Read more about the egg donation process.
What are the risks and side effects of donating your eggs?
- Blood draws and injections
- Fertility medication side effects
- Ovarian Hyperstimulation Syndrome (OHSS)
- Egg retrieval complications
Like any medical procedure, egg donation is not 100% risk free. A good egg donation agency and fertility clinic will go out of the way to make sure that you are totally informed so that you can fully consent to everything before you begin. There are a few side effects and very rare complications that you should know about.
- Blood draws and injections: You will need several blood tests during the cycle, and you will also need to inject yourself with fertility medications. If you’ve ever had a blood test or an injection before, you know that it can be a little uncomfortable and that sometimes there can be redness or a small bruise at the site, so you should be prepared for that.
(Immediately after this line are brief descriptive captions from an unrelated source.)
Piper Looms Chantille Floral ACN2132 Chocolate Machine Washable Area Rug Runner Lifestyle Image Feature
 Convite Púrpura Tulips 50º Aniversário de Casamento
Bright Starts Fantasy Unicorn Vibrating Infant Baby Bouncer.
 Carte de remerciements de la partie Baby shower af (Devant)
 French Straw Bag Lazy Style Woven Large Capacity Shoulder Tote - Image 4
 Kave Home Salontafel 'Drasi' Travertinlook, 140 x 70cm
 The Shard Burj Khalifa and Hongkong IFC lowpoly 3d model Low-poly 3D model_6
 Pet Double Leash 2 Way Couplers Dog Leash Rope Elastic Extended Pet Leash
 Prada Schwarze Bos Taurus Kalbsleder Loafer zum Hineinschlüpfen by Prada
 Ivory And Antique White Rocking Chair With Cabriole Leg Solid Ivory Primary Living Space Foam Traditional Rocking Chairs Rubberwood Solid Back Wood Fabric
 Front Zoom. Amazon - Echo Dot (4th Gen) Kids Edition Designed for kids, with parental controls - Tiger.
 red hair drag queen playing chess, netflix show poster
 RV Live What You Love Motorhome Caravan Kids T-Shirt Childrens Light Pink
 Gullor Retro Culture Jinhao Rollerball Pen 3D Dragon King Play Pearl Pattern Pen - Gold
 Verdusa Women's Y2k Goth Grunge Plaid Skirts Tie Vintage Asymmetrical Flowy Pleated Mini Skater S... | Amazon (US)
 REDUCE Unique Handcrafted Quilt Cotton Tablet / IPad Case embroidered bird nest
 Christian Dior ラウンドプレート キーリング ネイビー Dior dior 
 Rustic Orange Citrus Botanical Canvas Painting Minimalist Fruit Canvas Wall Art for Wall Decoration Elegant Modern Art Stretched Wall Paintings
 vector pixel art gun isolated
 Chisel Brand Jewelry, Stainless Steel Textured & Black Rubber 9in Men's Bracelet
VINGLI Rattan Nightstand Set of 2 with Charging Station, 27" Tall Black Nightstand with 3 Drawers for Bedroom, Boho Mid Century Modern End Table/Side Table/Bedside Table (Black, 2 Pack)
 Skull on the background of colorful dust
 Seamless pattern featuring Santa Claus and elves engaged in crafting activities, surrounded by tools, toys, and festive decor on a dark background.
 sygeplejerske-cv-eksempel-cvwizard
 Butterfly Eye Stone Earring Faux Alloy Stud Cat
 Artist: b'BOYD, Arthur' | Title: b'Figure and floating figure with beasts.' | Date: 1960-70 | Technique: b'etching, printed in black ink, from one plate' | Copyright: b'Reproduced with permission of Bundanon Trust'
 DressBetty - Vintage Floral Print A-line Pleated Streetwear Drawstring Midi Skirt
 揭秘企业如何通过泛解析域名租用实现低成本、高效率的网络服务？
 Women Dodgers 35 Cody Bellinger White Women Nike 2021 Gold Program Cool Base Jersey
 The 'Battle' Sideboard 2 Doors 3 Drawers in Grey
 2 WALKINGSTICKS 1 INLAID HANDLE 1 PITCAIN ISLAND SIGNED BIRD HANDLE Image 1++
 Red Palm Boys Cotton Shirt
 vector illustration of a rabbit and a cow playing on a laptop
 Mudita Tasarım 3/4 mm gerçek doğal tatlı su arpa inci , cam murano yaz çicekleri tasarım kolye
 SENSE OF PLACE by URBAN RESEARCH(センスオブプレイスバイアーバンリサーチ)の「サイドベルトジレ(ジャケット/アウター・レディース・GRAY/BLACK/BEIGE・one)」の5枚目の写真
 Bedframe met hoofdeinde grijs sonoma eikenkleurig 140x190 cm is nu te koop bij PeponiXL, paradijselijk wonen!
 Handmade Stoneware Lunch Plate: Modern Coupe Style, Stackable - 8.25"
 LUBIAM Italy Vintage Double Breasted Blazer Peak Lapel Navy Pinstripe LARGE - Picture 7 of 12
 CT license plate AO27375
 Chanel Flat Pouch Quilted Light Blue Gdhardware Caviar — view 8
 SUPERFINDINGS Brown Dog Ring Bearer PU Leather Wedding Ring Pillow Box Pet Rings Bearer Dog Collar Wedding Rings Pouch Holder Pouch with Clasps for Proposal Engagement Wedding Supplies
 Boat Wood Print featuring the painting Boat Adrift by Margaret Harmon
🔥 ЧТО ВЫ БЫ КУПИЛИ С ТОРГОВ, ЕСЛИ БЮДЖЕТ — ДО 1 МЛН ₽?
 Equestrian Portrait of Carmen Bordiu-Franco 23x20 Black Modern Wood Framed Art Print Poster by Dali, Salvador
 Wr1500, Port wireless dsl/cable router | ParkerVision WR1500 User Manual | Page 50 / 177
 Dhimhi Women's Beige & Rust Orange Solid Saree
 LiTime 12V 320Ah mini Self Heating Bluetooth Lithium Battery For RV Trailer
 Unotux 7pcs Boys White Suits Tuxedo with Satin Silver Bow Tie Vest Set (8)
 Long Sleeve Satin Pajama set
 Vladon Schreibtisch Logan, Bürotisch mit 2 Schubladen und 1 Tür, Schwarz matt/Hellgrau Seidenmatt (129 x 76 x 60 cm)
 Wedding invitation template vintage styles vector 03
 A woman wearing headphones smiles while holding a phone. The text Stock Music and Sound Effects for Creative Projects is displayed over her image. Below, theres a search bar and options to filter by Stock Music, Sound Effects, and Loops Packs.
- Fertility medication side effects:The fertility medications that you will take to stimulate your ovaries are actually hormones. The good news is that they are just larger doses of substances that your body already makes, timed to put your cycle on the right schedule and in amounts that will encourage your ovaries to mature more eggs. But because you will be taking more of these hormones than usual, you may notice some mild side effects which often mimic the symptoms of PMS. Everyone reacts differently (and many women have no reaction at all!) but you could experience a bit of bloating, a headache, sore breasts, or some moodiness. Some women notice a small weight gain, but that will usually disappear after their next period. In extremely rare cases, an allergic reaction to the medication is possible.
- Ovarian Hyperstimulation Syndrome (OHSS): This rare side effect (less than a 5% chance of happening in any given cycle) happens when a woman’s ovaries over-react to the fertility medication. OHSS can cause symptoms like severe bloating, abdominal pain, and nausea. The screening tests you go through before beginning the cycle along with careful monitoring and dosing will all help lower the likelihood of developing OHSS. Most cases of OHSS are mild and will go away by themselves in about a week, but in extremely rare cases this condition can become more serious. If an egg donor experiences vomiting or shortness of breath, she should contact a doctor immediately. Lowering the dose of medication or stopping the cycle can prevent medical complications which could include damage to the ovaries.
- Egg retrieval complications: After you’ve taken the fertility medications and have received the “trigger shot” which ends the ovarian stimulation part of the process, you’ll visit the fertility clinic so that the mature eggs can be retrieved. The egg retrieval process is a short procedure which lasts about 30 minutes, and is very safe. The clinic will give you light sedation so that you won’t feel any pain and probably won’t remember the procedure at all. Afterwards, you’ll hang out in the recovery room while the nursing team keeps an eye on you for about an hour, until you feel fully awake. The anesthetic used for egg retrieval is the same kind dentists use to take out your wisdom teeth. Very rarely, patients may have an adverse reaction to the anesthetic. Bleeding or infection as a result of egg retrieval is extremely rare.
Basically, the risks and side effects of egg donation are about the same as any common, moderately invasive medical procedure, which means that it can be considered very safe in general. There are no known long-term adverse effects or health problems linked to donating your eggs. It will not affect your ability to have your own children in the future.
Giving someone the gift of a much-longed for baby while building a nest egg for yourself is an exciting prospect. With student loans and the start-up costs of adulthood rising all the time, becoming an egg donor is a pretty attractive option for altruistic, healthy young women who also want to be a part of making dreams come true. The most important thing is to be completely informed while you’re making your decision. Any agency or clinic you work with should be 100% committed to giving you all the information you need to choose whether egg donation is right for you.